# Fair Turnings



## BernieW (Sep 12, 2006)

Well thought I would post some turnings which at the urging of my grandson had me enter into the Sherman County 4-H fair this week. He has been with us for the week and thought grandpa ought to enter. I told him my tunings probably wouldn't compete with a lot of the woodworking that was entered. But low and behold my mini birdhouses earned me a grand champion, a peppermill made from ambrosia maple with a gabon ebony inlay in the top was reserve grand champion and the pizza cutter to 1st Blue. 
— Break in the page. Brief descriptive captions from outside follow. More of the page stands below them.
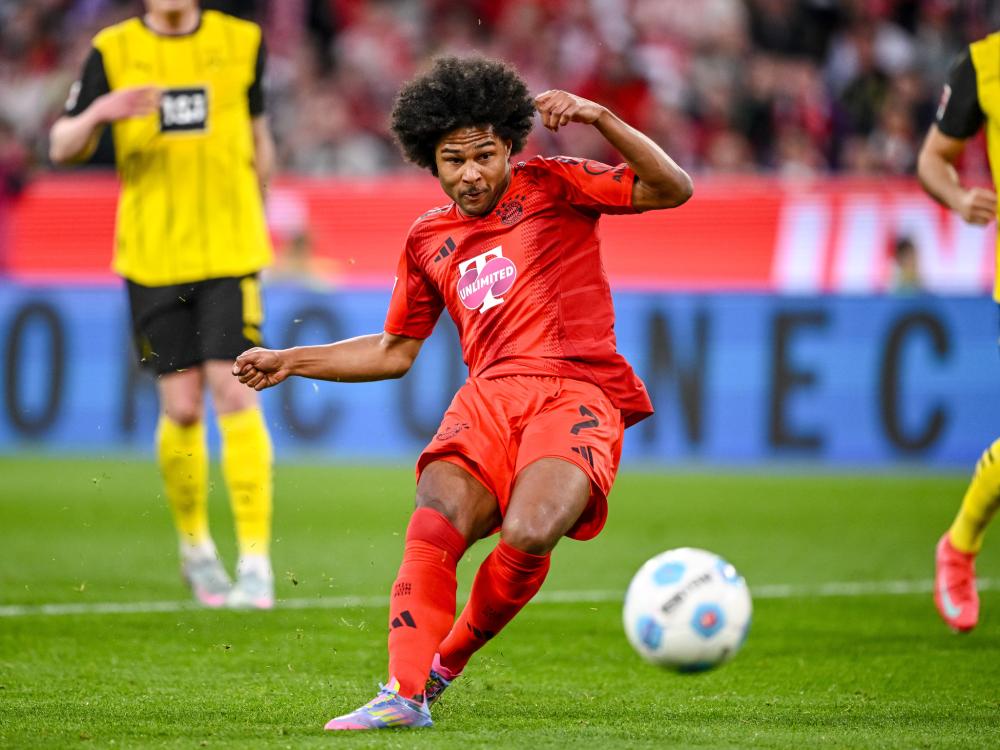 许利民难逃 许利民难逃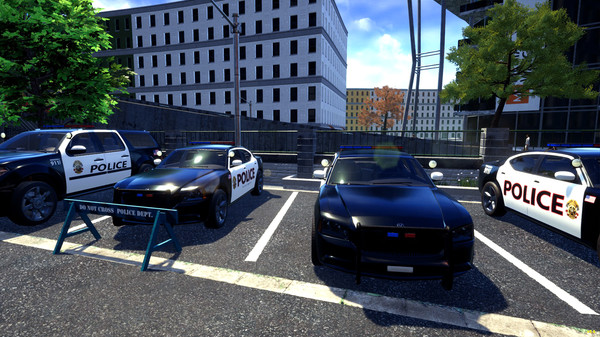 police-simulator-patrol-duty-v8835415-screenshots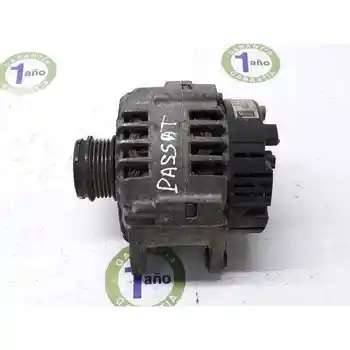 

028903029E ALTERNATOR VOLKSWAGEN PASSAT SALOON (3B2)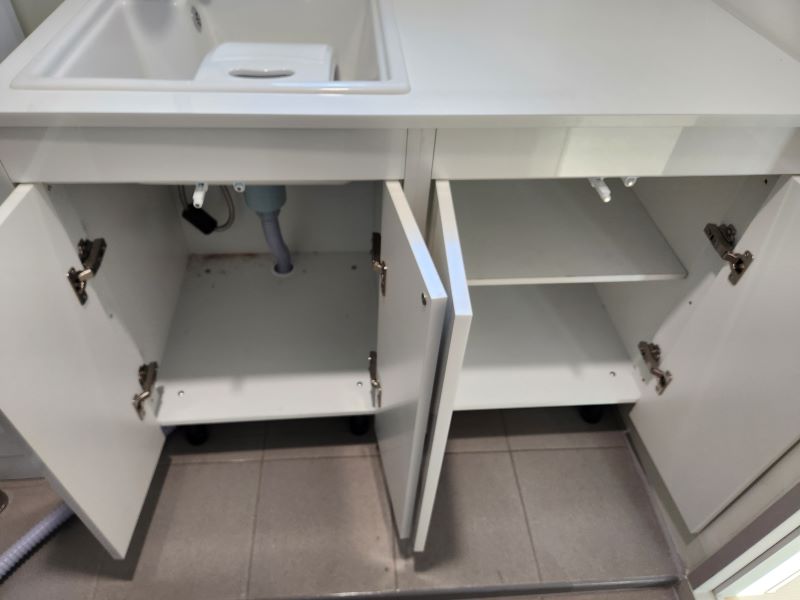 390a1e658574c70a6fdd0ca730b84700_1764685144_4837.jpg 390a1e658574c70a6fdd0ca730b84700_1764685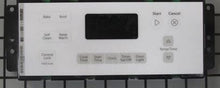 Load image into Gallery viewer, Whirlpool Oven Control Board - WPW10348710
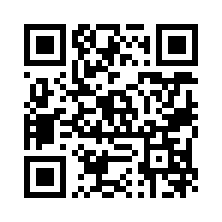 QR Code for 1a9UswFKf6FSWN8LfD5JxLDwSZygWjYP9
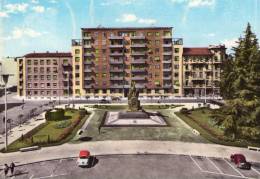 BUSTO ARSIZIO - Busto Arsizio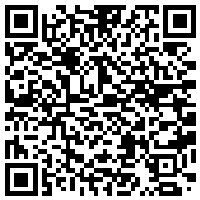 QR Code for bitcoin:bitcoin:bitcoin:bitcoin:bitcoin:bitcoin:bitcoin:bitcoin:bitcoin:1BFSWwAJiMpXAiYMXJ1PBHSntT4KSH5RBs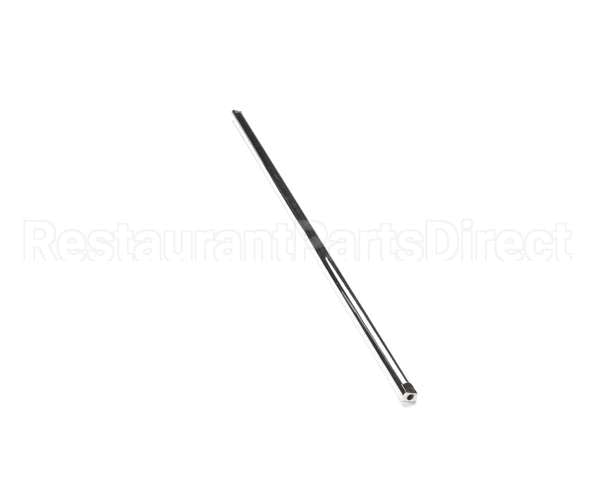 U01141065009 Globe Front Shaft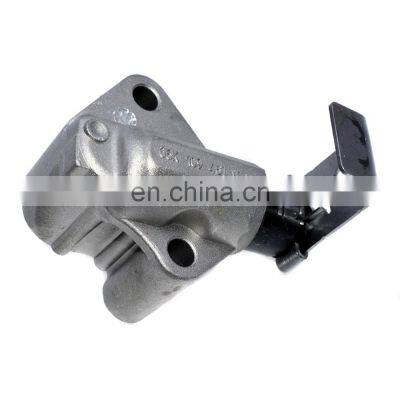 Free Shipping!Timing Chain Tensioner 06K109467,06K109467K FOR Audi A4 A6 VW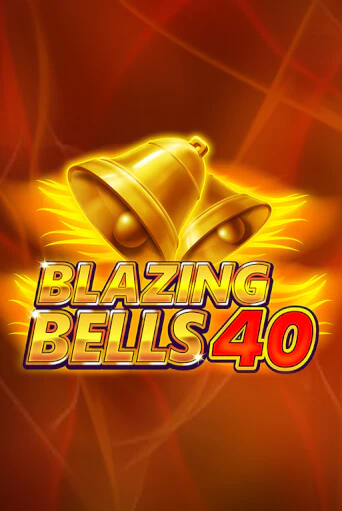 Играть в слот Blazing  Bells 40 бесплатно онлайн | Азино Три Топора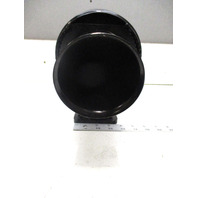 865331A02 Mercruiser Big Block Exhaust Riser Standard Rise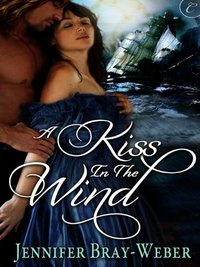 A Kiss in the Wind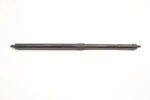 2019 - 2025 Honda Passport Liftgate Right Cylinder Strut Oem 74961TGSA013M1 Used. Price: $108.54.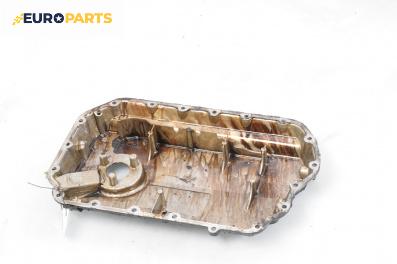 Картер за Audi A6 Sedan C6 (05.2004 - 03.2011) 3.0 quattro, 218 к.с.
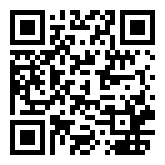 http://www.hoaujd.com/you/446918.html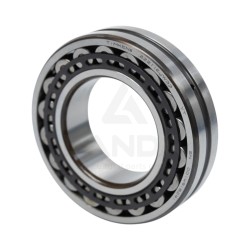 ROULEMENT A ROTULE SUR ROULEAUX CBR00355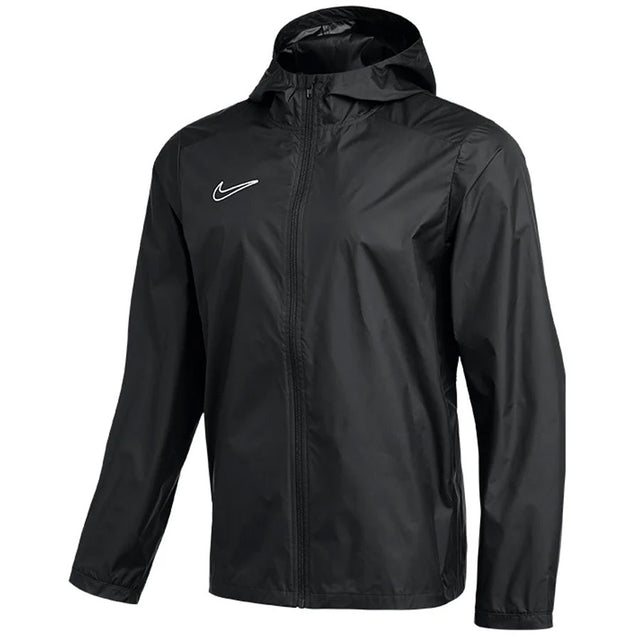 Мъжко яке Nike ACADEMY 25 RAIN JKT - FZ9858-010
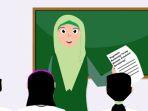 kunci-jawaban-Latihan-Pemahaman-dan-Cerita-Reflektif-Modul-1-Materi-13-Aku-Pintar-karena-Sarapan.jpg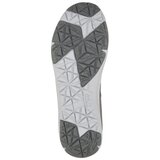 Jack Wolfskin Spirit Knit Low Leicht Siva | shoptok.hr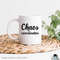 MR-472023235727-chaos-coordinator-mug-chaos-mug-coordinator-mug-teacher-image-1.jpg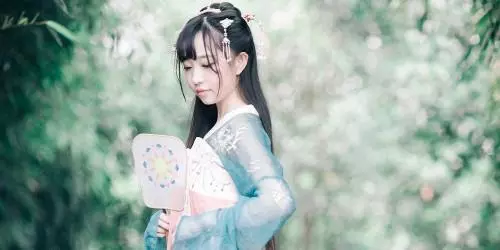 回婆家吃飯,發現碗里有蟲子,偷偷和婆婆換了碗,吃一口紅了眼
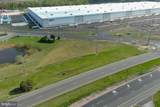 156 Route 40 - Photo 9
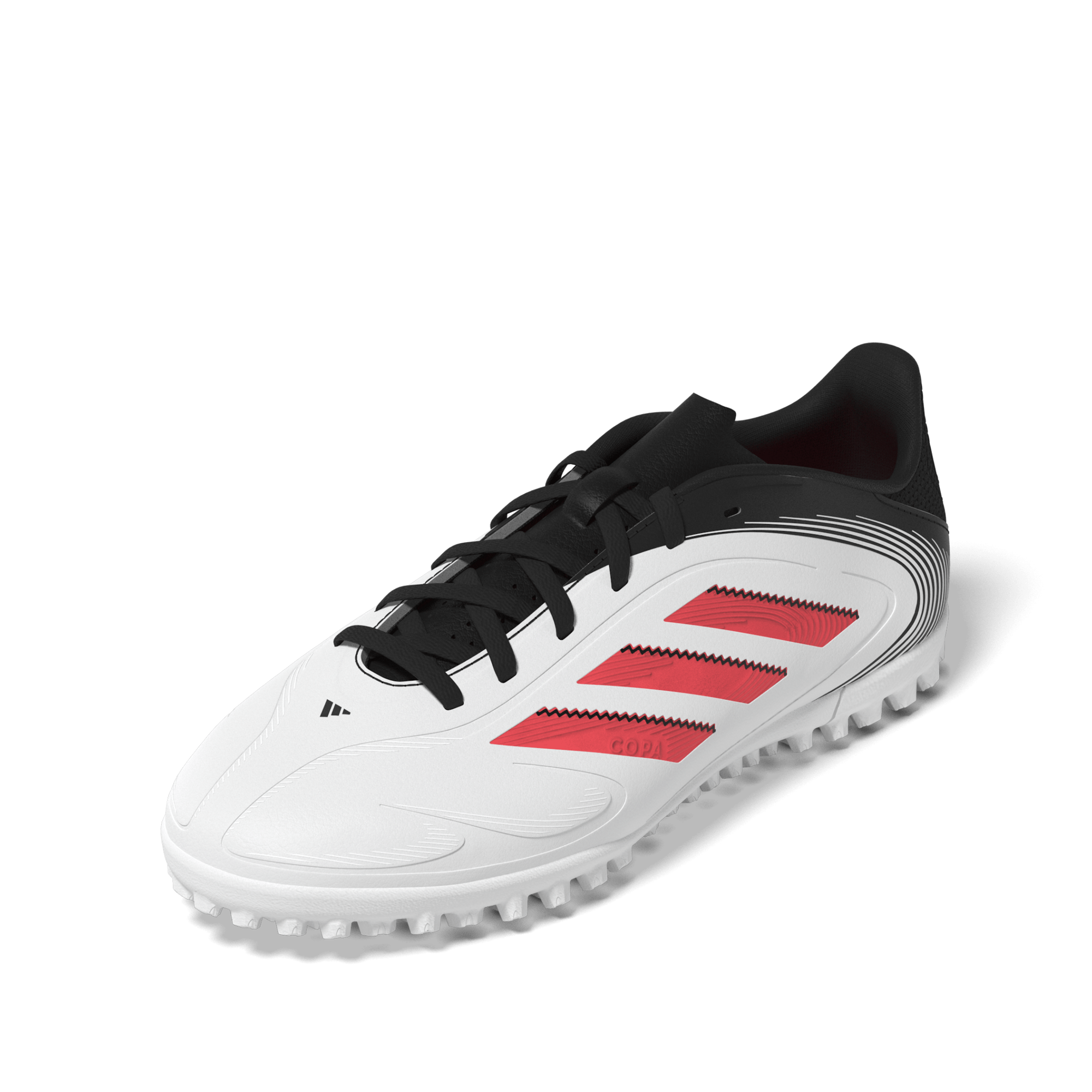 Copa Pure Iii Club Tf J
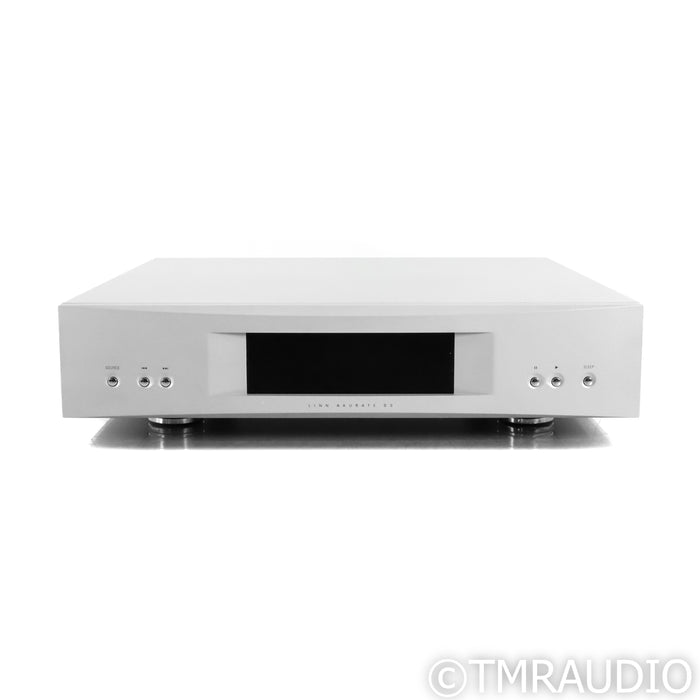 Linn Akurate DS/1 Digital Network Music Streamer; Katalyst Upgrade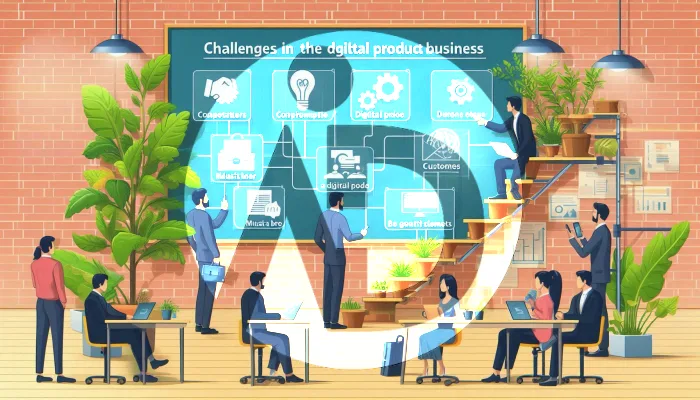 infografis-tantangan-produk-digital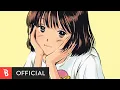 Download Lagu [Lyrics Video] Lemon City(레몬시티) - Love is
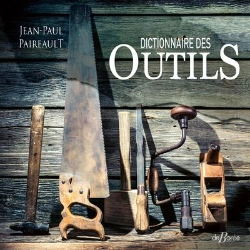 Bertrand.pt - Dictionnaire Des Outils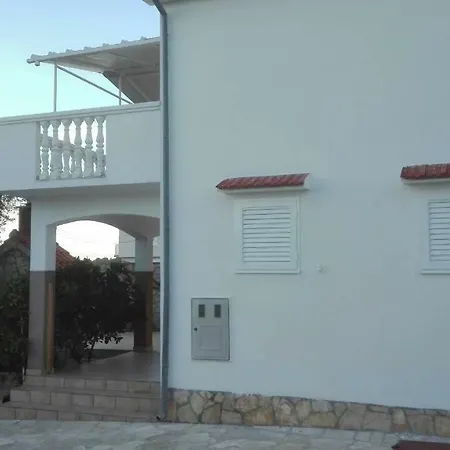 Labor Apartamento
The third picture is a box of mini birdhouses from a order of woodturnings. There was actually 14 of them I delivered yesterday to the Buffalo Bill Cultural Center along with 6 key ring toothpick holders, 6 key ring pill holders, 4 8" bowls, and 2 peppermills. I have another order for a dozen mini birdhouses and a dozen pizza cutters. So need to hit the shop today while it is cool.


----------



## Stick486 (Jan 4, 2013)

you are good...


----------



## BrianS (Nov 7, 2004)

Good job Bernie. Really nice when your work is appreciated.


----------



## Knothead47 (Feb 10, 2010)

Those are very nice turnings. Congrats on the wins!


----------



## Mike (Nov 22, 2004)

What are you finishing the pizza cutter handles with Bernie?


----------



## Cherryville Chuck (Sep 28, 2010)

Congratulations Bernie. A well deserved honor.


----------



## TwoSkies57 (Feb 23, 2009)

One of these days Bernie, one of these days buddy  Most excellent craftsmanship my man!

btw... I felled an old maple couple weeks ago in the yard...turns out to be Ambrosia...beautiful colors..this ones heading for the mill  Not much, maybe 75 bf..but hey..


----------



## BernieW (Sep 12, 2006)

Thanks guys. I appreciate it. 

Mike I finished them with Target water based lacquer. Reason is it is the only water based lacquer that will burn into each coat like regular lacquer does. I generally paint the first coat on and sand with 600 because it does raise the grain. Then paint a second coat on and sand again. Then about 4 coats sprayed on with a air brush. Really put a nice tough finish on. Oh the peppermill is finished the same way. 

Here is the webpage for the EM6000. I buy the 32 oz. I used this also for my table top because it is tough. 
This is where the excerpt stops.